Apesar da redução de 16% anunciada pelo governo, o desmatamento na Amazônia segue expressivo: o total de área desmatada entre agosto de 2016 e julho deste ano foi de 6.624 quilômetros quadrados, sendo a maior parte nos estados do Pará, com 2.413 quilômetros quadrados, e do Mato Grosso, com 1.341 quilômetros quadrados.
“Criação do homem branco”
Cacique Raoni, líder da etnia caiapó, viajou a Bonn e acompanhou os anúncios das novas doações para combater o desmatamento. Com uma idade estimada em 88 anos, o líder de populações indígenas de Mato Grosso está acostumado a grandes plateias e autoridades internacionais.
Ele diz se alegrar com a cooperação internacional, mas ressalta que o maior problema tem que ser tratado dentro do Brasil. “O que acho mais importante para os povos indígenas é a terra. A gente precisa de terra demarcada”, afirma.
“O dinheiro não é uma criação do meu povo, é uma criação de vocês, do homem branco”, diz Raoni na língua indígena, traduzida para o português por seu sobrinho-neto, Patxon Metukktire.
“Quando se tem a terra, os indígenas podem usar o dinheiro que esses países estão investindo para fazer nossa agricultura, o desenvolvimento, do nosso jeito, nas nossas terras”, complementa Raoni.
Momentos após o anúncio, lideranças indígenas lançaram na COP23 um manifesto contra retrocessos internos, citando o projeto de lei que será levado ao Congresso para autorizar arrendamento de terras indígenas. No dia anterior, um grupo havia apresentado à Comissão Interamericana de Direitos Humanos denúncias sobre o aumento de violência – 118 indígenas foram assassinados no ano passado, segundo dados do Conselho Indigenista Missionário (Cimi).
Para André Guimarães, diretor-executivo do Instituto de Pesquisa Ambiental da Amazônia (Ipam), o dinheiro dos países doadores é menos importante. “Cooperação internacional é extremamente necessária para conservação”, justifica. Guimarães cita o impacto positivo de mais de 40 anos de cooperação com a Alemanha, que classifica de “permanente e consistente”.
Segundo Guimarães, o trabalho conjunto, ao longo dos anos, foi importante para se conhecer melhor a Amazônia. Projetos em comum ajudaram, por exemplo, a criar o sistema de alerta de queimadas.
“A construção de dados e organização de informações talvez seja o melhor resultado que o Brasil tenha tido com a cooperação alemã”, opina.

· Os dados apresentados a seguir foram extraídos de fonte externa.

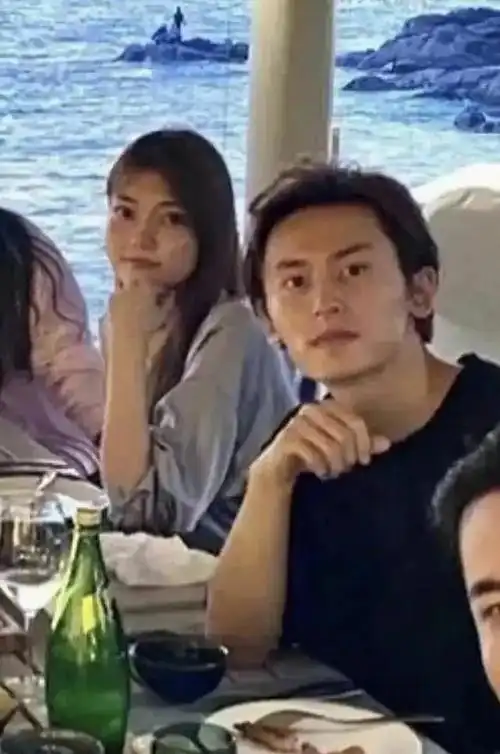 张哲瀚跟绯闻女友大量合影曝光还参加女方父亲生日会感情稳定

Florestas sentem mudanças climáticas
Estima-se que 11% das emissões globais de gases de efeito estufa venham do desmatamento. Um estudo publicado pelo centro de pesquisas Woods Hole concluiu que o fim da destruição das florestas tropicais, o manejo sustentável e a restauração de 500 milhões de hectares poderiam capturar 100 bilhões de metros cúbicos de CO2 – o que equivale a dez vezes o volume emitido por ano pela queima de combustíveis fósseis.
Mas as florestas estão fora da mesa de negociação na COP23. Na reunião, de caráter mais técnico, o assunto é abordado de forma lateral, o que Guimarães considera um erro.

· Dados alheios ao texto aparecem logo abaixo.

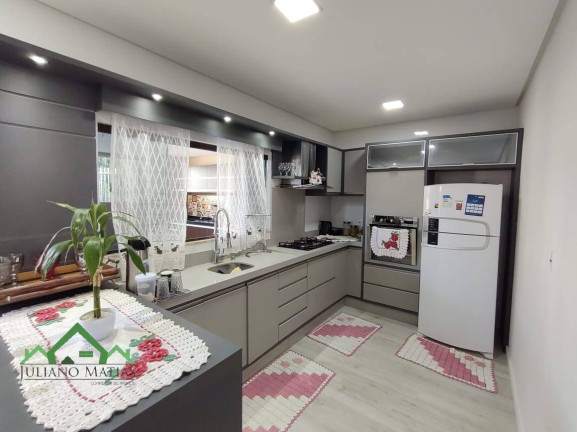 Imagem Casa com 3 Quartos à Venda, 176 m² em Pinheiros - Balneário Barra Do Sul Imagem Casa com 3 Quartos à Venda, 176 m² em Pinheiros - Balneário Barra Do Sul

“Florestas podem ser uma ponte até que tenhamos tecnologias que substituam de vez as fontes fósseis. Trabalhar e restaurar floresta tropical é estratégico para manter a temperatura abaixo dos 2 graus Celsius [meta do Acordo de Paris]”, avalia o diretor do Ipam.
No processo de crescimento, as árvores capturam CO2 da atmosfera, gás de efeito estufa apontado como principal causador das mudanças climáticas.
Na COP23, diversas entidades – e o governo brasileiro – defendem a criação de programas que compensem financeiramente quem preserva áreas de mata, mecanismo conhecido como pagamento por serviço ambiental.
“É outra parte do processo de acabar com o desmatamento. É compensar quem está fazendo direito, quem mantém a floresta em pé”, comenta Guimarães.
Raoni diz que ninguém precisa explicar ao seu povo os benefícios das florestas, que, segundo ele, já sentem os impactos das mudanças do clima. “Na minha juventude, não havia dias tão quentes. Hoje, os ventos são mais fortes. O fogo entra nas nossas terras. A gente está vivendo o problema que está acontecendo no mundo, e a gente está vendo nas nossas aldeias.”